Verletztes Mädchen stehen gelassen

Mit blutender Hand soll sie sich aus der Situation entfernt haben. Ihre Mutter sei währenddessen, einen der Rottweiler am Halsband haltend, auf die vermeintliche Besitzerin getroffen. „Sie hat angeboten, uns ins Krankenhaus zu fahren, sobald sie die Hunde in ihr Auto gebracht hat“, erklärt sie. Als ihre verletzte Tochter und sie auf die Hundehalterin warten, werden sie nach ihrer Aussage jedoch Opfer eines dreisten Schachzugs.

In einem weißen Fahrzeug soll sich die mutmaßliche Täterin vom Ort des Geschehens entfernt haben. „Wir sahen nur noch das Auto über den Deich wegfahren.“ Nachdem sie im Krankenhaus waren, erstatten sie Anzeige gegen Unbekannt. In einer WhatsApp-Gruppe erkennen sie daraufhin eine Hundetrainerin aus Rees, die die Schuldige sein soll. Nun kam es im Amtsgericht Emmerich zum Prozess.

Alles nur Rassendiskriminierung?

Der Vorwurf gegen die 34-Jährige: fahrlässige Körperverletzung. Wenn ihre Rottweiler auch von der Maulkorb- sowie Leinenpflicht befreit waren, hätte sie gesetzlich nicht beide Kampfhunde gleichzeitig ausführen dürfen. Das sei ihr bewusst, immerhin bestehe ihre Berufung „aus allem rund ums Thema Hund“. Sogar auf ihren Rundschal, den sie während der Verhandlung trägt, sind Vierbeiner gedruckt. Umso schlimmer treffen die „Rottweiler-Mama“ Vorurteile gegenüber ihrer Tiere.

Haltung von Rottweilern

In NRW zählen Rottweiler zu gefährlichen Hunden, weshalb sie per Liste erfasst werden. Das bedeutet, dass für ihre Haltung eine Erlaubnis sowie ein Sachkundenachweis erforderlich sind.

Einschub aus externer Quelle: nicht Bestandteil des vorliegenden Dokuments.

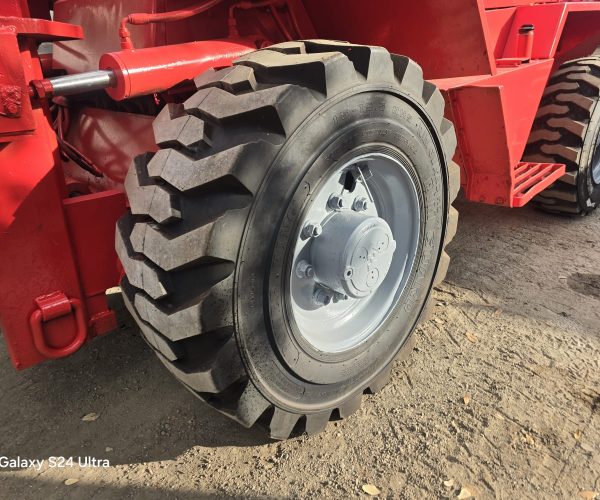 1998 MANITOU 230HC ROUGH TERRAIN DIESEL FORKLIFT 009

Bestehen die Tiere strenge Verhaltenstests, werden sie von Maulkorb- und Leinenpflicht befreit. Auch dann muss beim Gassigehen eine mindestens 18-jährige Person pro Tier dabei sein. Es ist also nicht erlaubt, alleine mit zwei Rottweilern zu spazieren.

„Genauso wie man Menschen nicht diskriminieren darf, weil sie schwul oder lesbisch sind, darf man Hunde nicht wegen ihrer Rasse diskriminieren“, legt die 34-Jährige los. Wenn ein Tier, oder eben ein Mensch unabhängig seiner Sexualität, ein minderjähriges Mädchen beißt, folgen jedoch in beiderlei Fällen Konsequenzen.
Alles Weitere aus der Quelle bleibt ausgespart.